14 - Difference-in-Difference

Three Billboards in the South of Brazil

I remember when I worked with marketing and a great way to do it was with internet advertisement. Not because it is very efficient (although it is), but because it is very easy to know if it’s effective or not. With online marketing, you have a way of knowing which customers saw the ad and you can track them with cookies to see if they ended up on your landing page or clicked some download button. You can also use machine learning to find prospects that are very similar to your customers and present the ad only to them. In this sense, online marketing is very precise: you target only those you want to and you can see if they respond as you would like them to.

But not everyone is susceptible to online marketing. Sometimes you have to resort to less precise techniques, like a TV campaign or placing a billboard down the street. Usually, diversity of marketing channels is something marketing departments look for. But if online marketing is a professional fishing rod to catch that specific type of tuna, billboard and TV are giant nets you throw at a fish shoal and hope to catch at least some big ones. Another problem with billboard and TV ads is that it is much harder to know how effective they are. Sure, you could measure the purchase volume, or whatever you want to drive, before and after placing a billboard somewhere. If there is an increase, there is some evidence that the marketing is effective. But how would you know if this increase is not just some natural trend in the awareness of your product? In other words, how would you know the counterfactual \(Y_0\) of what would have happened if you didn’t set up the billboards in the first place?

img

One technique to answer these types of questions is Difference-in-Difference, or diff-in-diff for close friends. Diff-in-diff is commonly used to assess the effect of macro interventions, like the effect of immigration on unemployment, the effect of gun law changes in crime rates or simply the difference in user engagement due to a marketing campaign. In all these cases, you have a period before and after the intervention and you wish to untangle the impact of the intervention from a general trend. As a motivating example, let’s look at a question similar to the one I had to answer.

In order to figure out how good billboards were as a marketing channel, we placed 3 billboards in the city of Porto Alegre, the capital of the state of Rio Grande do Sul. We wanted to see if that boosted deposits into our savings account. As a note for those not very familiar with Brazilian geography, Rio Grande do Sul is part of the south of the country, one of the most developed regions.

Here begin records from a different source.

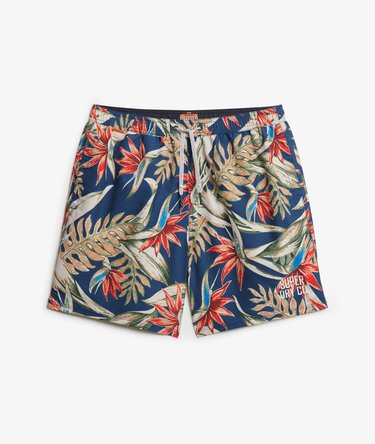 Short de bain à imprimé hawaïen longueur 43 cm Image 8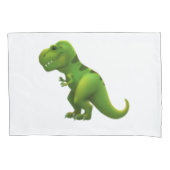 Tレックス – 絵文字 枕カバー (正面)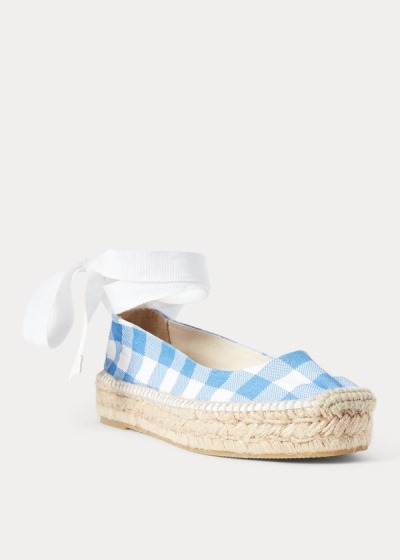 Dámské Plátěné Boty Polo Ralph Lauren Canvas Gingham - 32510-APUJ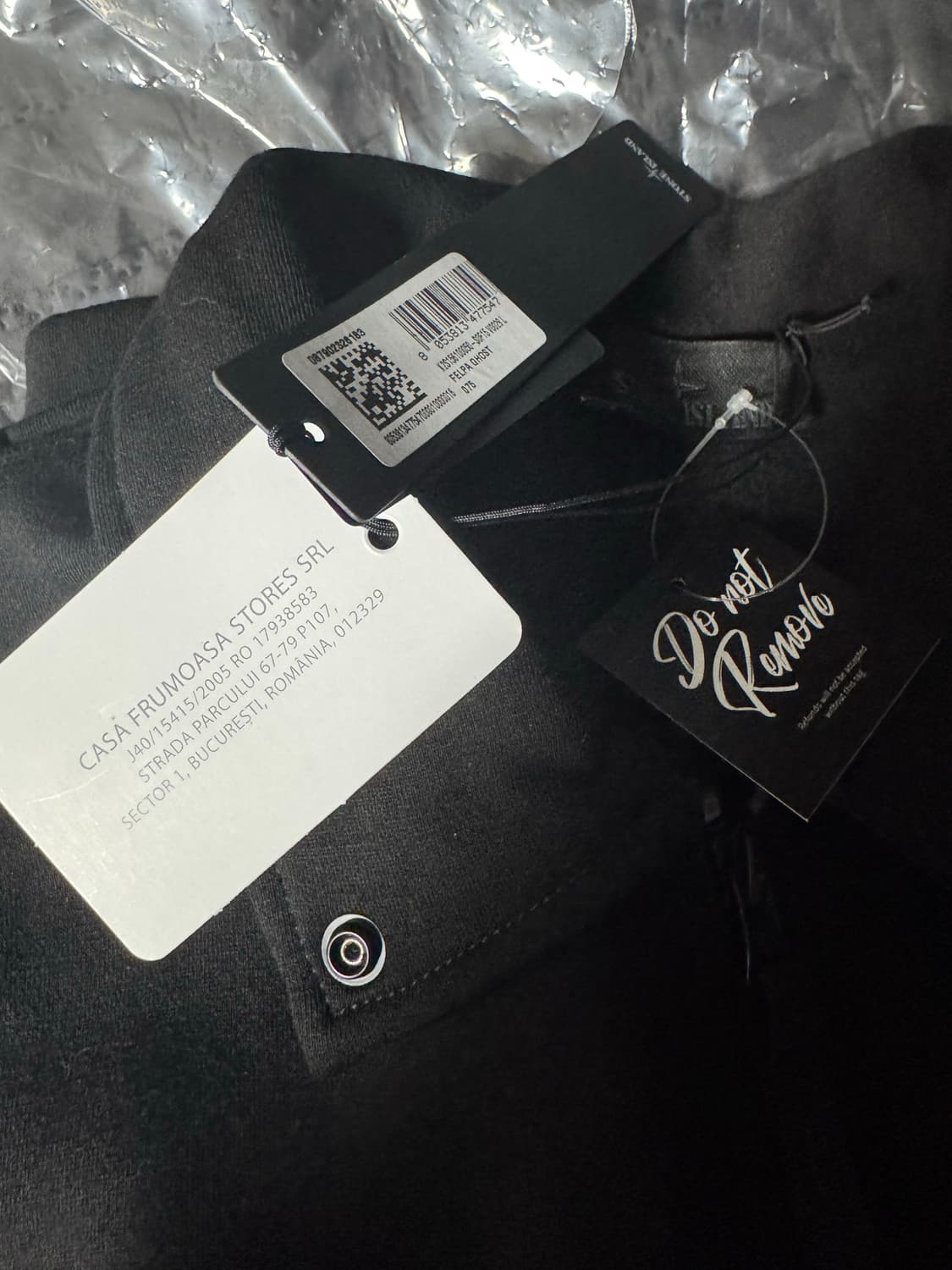 [L, 105] 스톤아일랜드 25fw 고스트피스 울 플리스 집업 새상품 상품이미지4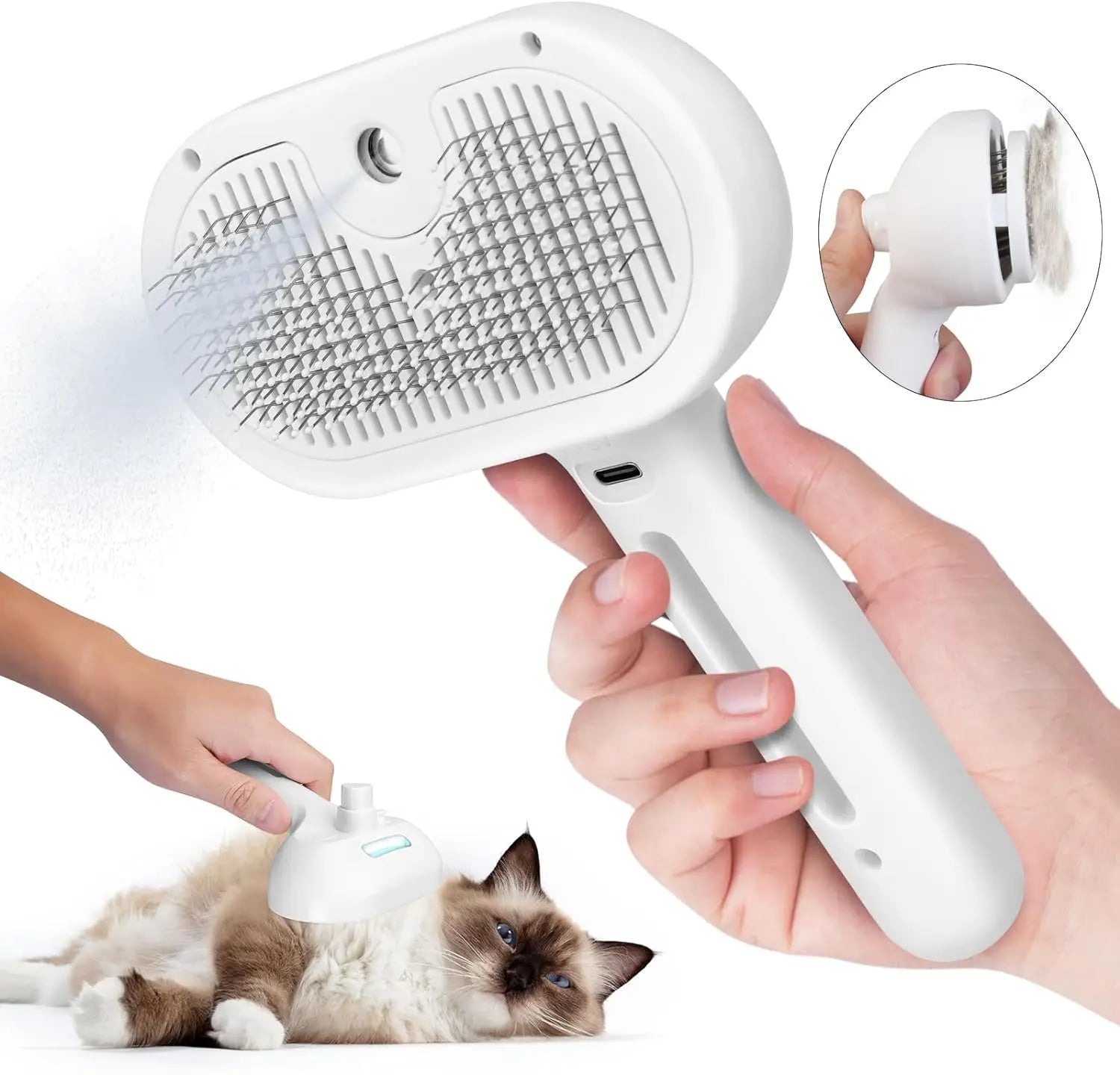 Pawlished Ultimate Pet Grooming Steam Comb™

Having this in mind, we decided to also look at data from another capital from the south, Florianopolis, the capital city of the state of Santa Catarina. The idea is that we could use Florianopolis as a control sample to estimate the counterfactual \(Y_0\) when compared to Porto Alegre (by the way, this was not the true experiment, which is confidential, but the idea is very similar). We placed the billboard in Porto Alegre for the entire month of June. The data we have looks like this:

import warnings
warnings.filterwarnings('ignore')

import pandas as pd
import numpy as np
from matplotlib import style
from matplotlib import pyplot as plt
import seaborn as sns
import statsmodels.formula.api as smf


%matplotlib inline

style.use("fivethirtyeight")
data = pd.read_csv("data/billboard_impact.csv")
data.head()
deposits poa jul
0 42 1 0
1 0 1 0
2 52 1 0
3 119 1 0
4 21 1 0

Remember that deposits are our outcome variable, the one we wish to increase with the billboards. POA is a dummy indicator for the city of Porto Alegre. When it is zero, it means the samples are from Florianopolis. Jul is a dummy for the month of July, or for the post intervention period. When it is zero it refers to samples from May, the pre-intervention period.

DID Estimator

To avoid confusion between Time and Treatment, from now on, I’ll use D to denote treatment and T to denote time. Let \(Y_D(T)\) be the potential outcome for treatment D on period T. In an ideal world where we have the ability to observe the counterfactual, we would estimate the treatment effect of an intervention the following way:

\( \hat{ATET} = E[Y_1(1) - Y_0(1)|D=1] \)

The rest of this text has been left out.